◆ THE PROBLEM ◆
Copy out, unchanged, the entries below from the "Satellite imagery of survey_point, DZ" line to the final line. Omit pictures.

*** GIVEN INFORMATION ***

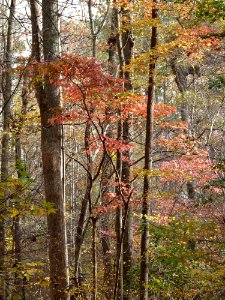 Flowering dogwood in autumn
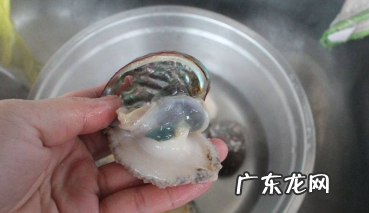 鲍鱼要炖多久才烂,新鲜鲍鱼怎么煮又嫩又好吃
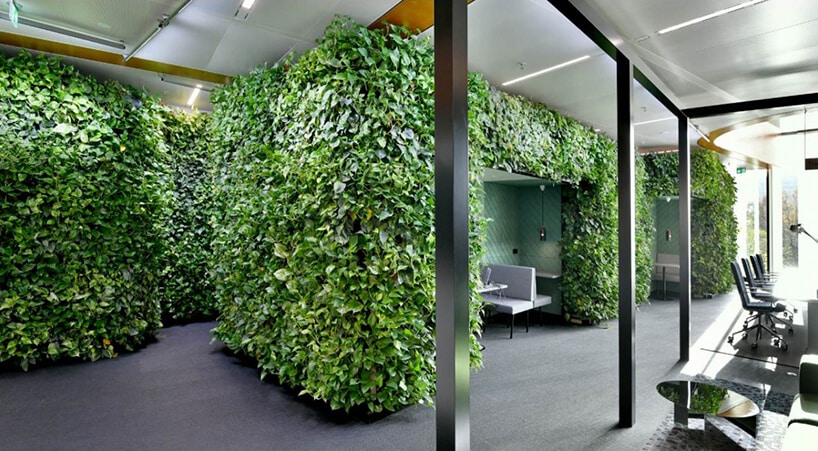 boxy w przestrzeni biurowej open space porośnięty zieloną roślinością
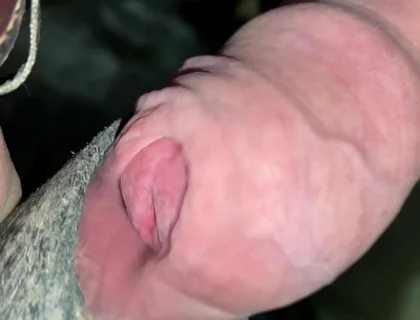 Close up Uncut Handsfree Cumshot After Hose Suction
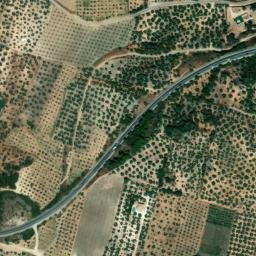 Satellite imagery of survey_point, DZ
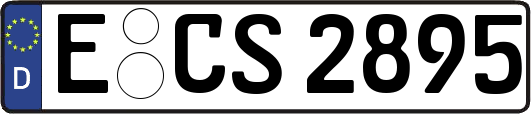 E-CS2895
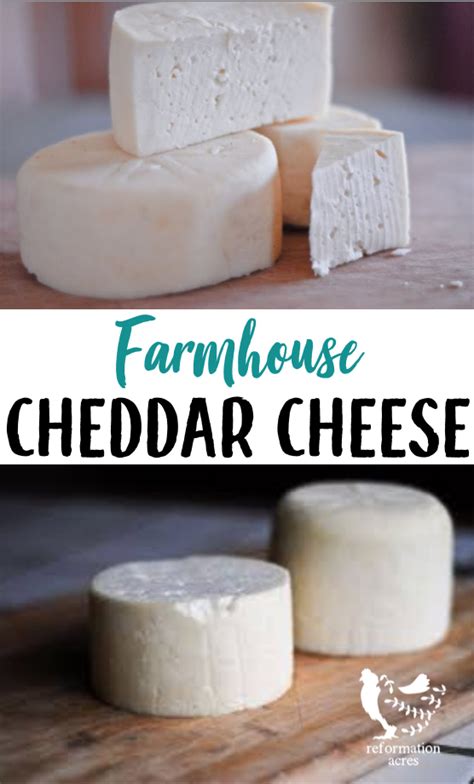 Cheese from camel milk is more difficult to make than cheese from the milk of other dairy animals.6 it does not coagulate easily and bovine rennet fails to coagulate the milk effectively. Farmhouse Cheddar Cheese | Recipe | From Reformation Acres ...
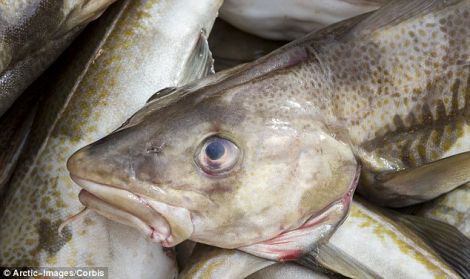 The biomass of cod in the North Sea is now three times larger than in 2006.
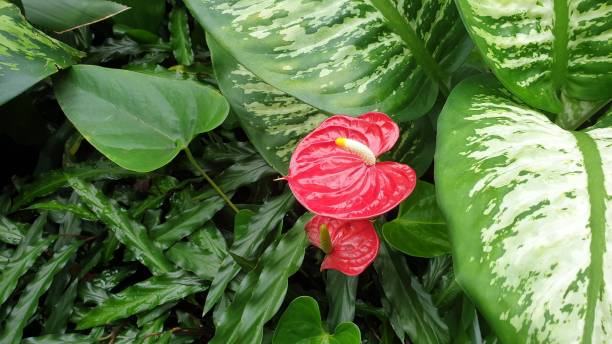 istock Flowers in close up 1160431574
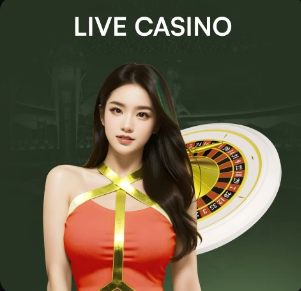 2026年4月19日奥甲哈特堡格vs维也纳快速直播【24直播网】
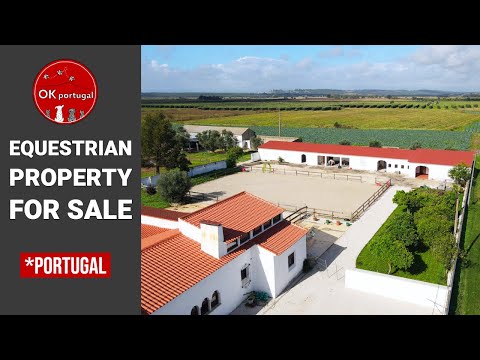 Beautiful Equestrian Property for Sale 🐴❤️😍 Golega, Portugal - Walkthrough Tour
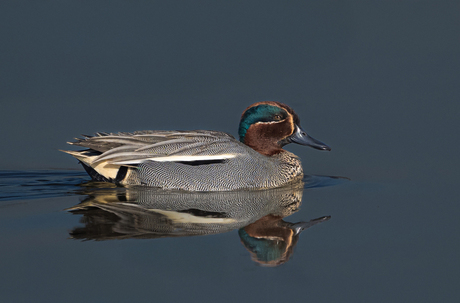 wintertaling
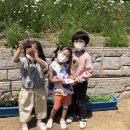 화동초교병설유치원 이미지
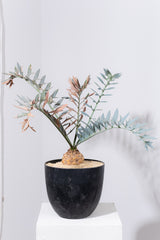 21 エンセファラルトス・ホリダス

***

◆ THE ANSWER ◆
 Satellite imagery of survey_point, DZ
 E-CS2895
 Cheese from camel milk is more difficult to make than cheese from the milk of other dairy animals.6 it does not coagulate easily and bovine rennet fails to coagulate the milk effectively. Farmhouse Cheddar Cheese | Recipe | From Reformation Acres ...
 The biomass of cod in the North Sea is now three times larger than in 2006.
 istock Flowers in close up 1160431574
 2026年4月19日奥甲哈特堡格vs维也纳快速直播【24直播网】
 Beautiful Equestrian Property for Sale 🐴❤️😍 Golega, Portugal - Walkthrough Tour
 wintertaling
 화동초교병설유치원 이미지
 21 エンセファラルトス・ホリダス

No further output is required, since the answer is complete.